When a person ceases to be a tax resident, their 12-month tax year splits into two: the portion of the year in which they were a tax resident, and the other portion in which they were a tax non-resident.
For example, if one ceases to be a tax resident on 1 June 2022, their tax year of assessment as a tax resident would have begun on 1 March 2022, but would be deemed to have ended on 31 May 2022 (i.e., a 3-month year of assessment as a South African tax resident). Their tax year as a non-resident began on 1 June 2022 and ended on 28 February 2023 (i.e., a 9-month year of assessment as a tax non-resident). Both tax years (the 3-month and 9-month periods respectively) fall within a single 12-month tax period.
While the taxpayer still submits one tax return for the (12-month) tax year, SARS will soon take these two periods into account when considering their local retirement fund and tax-free savings account contributions.

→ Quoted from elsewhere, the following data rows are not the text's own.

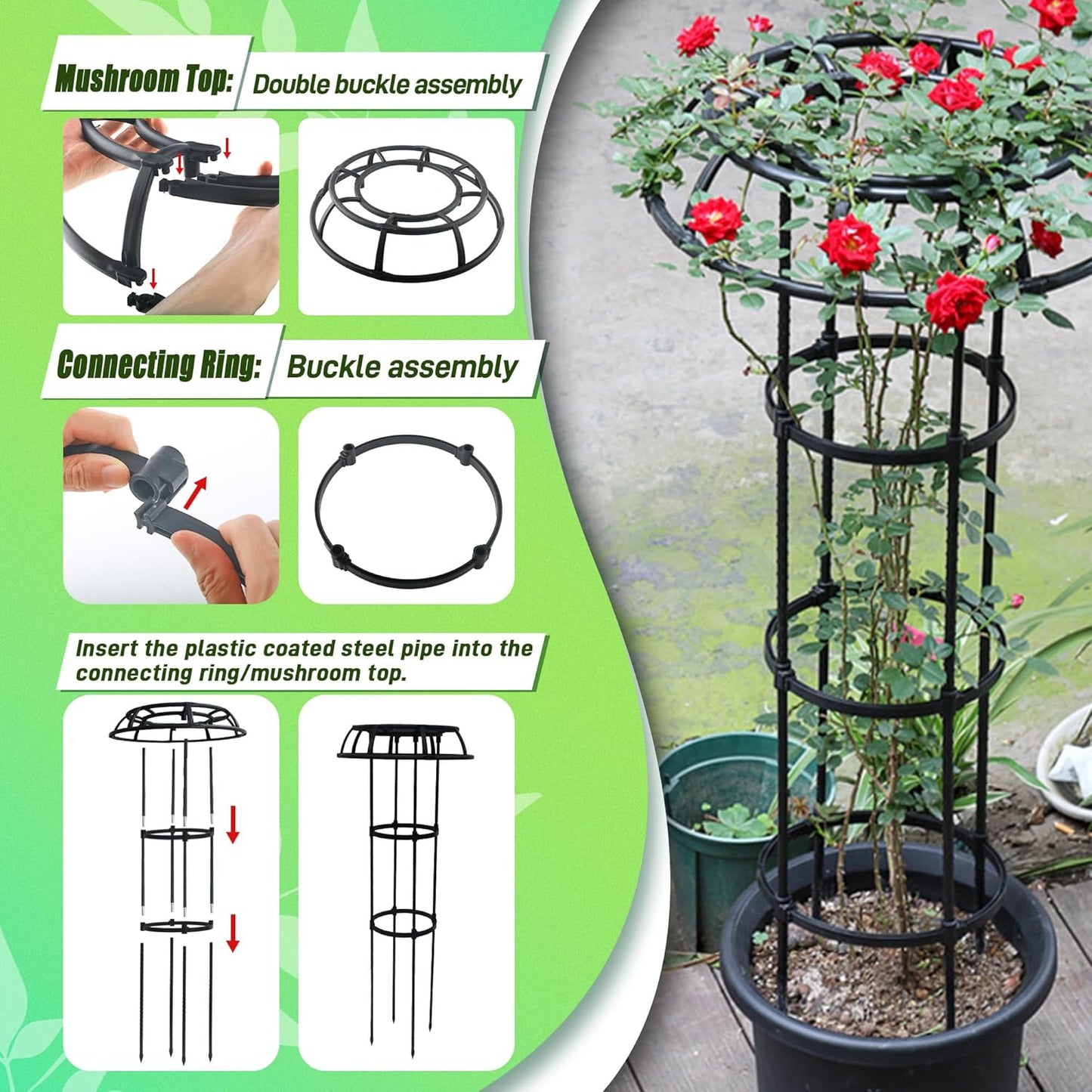 Garden Trellis for Climbing Plants, 2 Pack 41.3 Inch Mushroom Top Trellis for Climbing Plants, Rustproof Metal Plant Flower Trellises for Vine Rose Flower Tomato Support Outdoor Indoor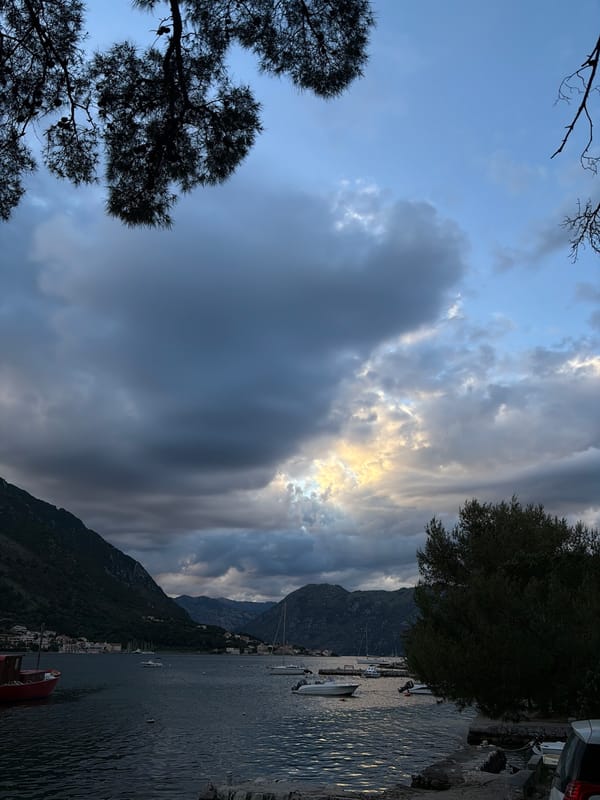 Peaceful evening captured along Montenegro's scenic Dobrota coastline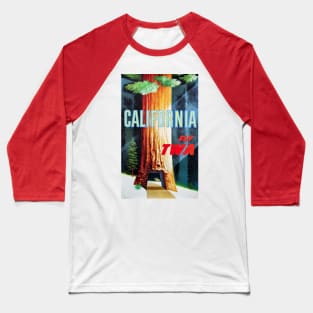 Vintage Restored Fly TWA Poster Print: Destination California Baseball T-Shirt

While this is nothing new, the National Treasury has stated, on record, that this amendment intends to address an anomaly created by the split-year treatment applicable to taxpayers who cease tax residency:
This means that, currently (and previously), a taxpayer could contribute up to double the annual allowable contribution limits in the year that they cease to be a tax resident, thereby doubling up on these benefits from a tax perspective.
In practice, however, the current tax return form on e-Filing, and of course SARS in determining the tax payable by a taxpayer, has not taken these doubled-up contribution limits into account. Perhaps certain non-resident taxpayers should, therefore, rightly wonder whether SARS currently owes them a refund.
Nevertheless, National Treasury has proposed that from 1 March 2024, contributions made to a local retirement fund or tax-free savings account, in the year where the taxpayer ceases to be a tax resident, will be capped in relation to the time of the year that they ceased tax residency. The new limitations will be determined based on the ratio of days in that tax period (i.e., pre-, or post-cessation), against 365 days.